The ability to flexibly move from one situation to another. Those that are often told that they are rigid thinkers and struggle with transitions have weaknesses in this area.
The ability to regulate one’s emotions. Those that struggle with emotional control seem to have extreme reactions and can present as moody. These children often need a break, or time to calm down before they are able to have a rational conversation about what upset them.
The ability to start a task or activity independently. Children who have a hard time sitting down and starting their homework or getting to work when the teacher asks them to work on their own have weaknesses in this area.
The ability to keep information in your head in order to complete a task. Those that struggle in this area often forget what they are doing mid-task, preventing them from finishing what they are doing.
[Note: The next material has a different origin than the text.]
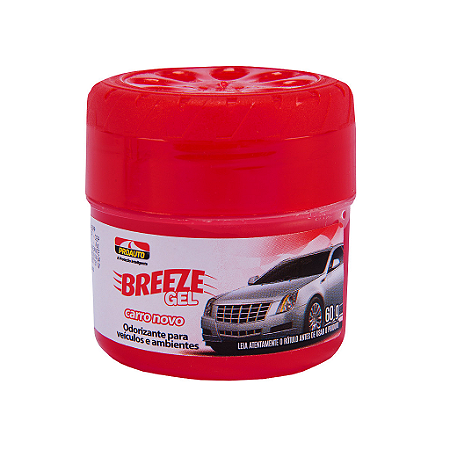 Odorizante Proauto Gel Carro Novo - 60Gr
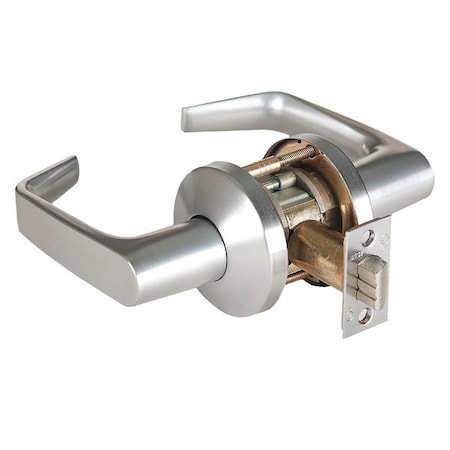 Lever Lockset, Mechanical, Passage, Grd. 2 MPN:9K30N15CS3626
The ability to think about the steps necessary to get something done. This is comparable to the “recipe” in your head to make a meal. Those that struggle in this area need directions and long terms assignments to be broken into small steps.
Organization of Materials
The ability to order and arrange materials in a way that they are easy to find when necessary. Those that struggle in this area usually have very messy book bags and can’t find the work they need to do or turn in.
The ability to step back and observe one’s actions to make sure he/she is on track to do what is necessary to complete a task. For example, if you only have one hour to complete a paper, you are watching the time to make sure it’s about halfway done after 30 minutes. Those that struggle in this area have a hard time understanding how long assignments will take and don’t realize when they get off task.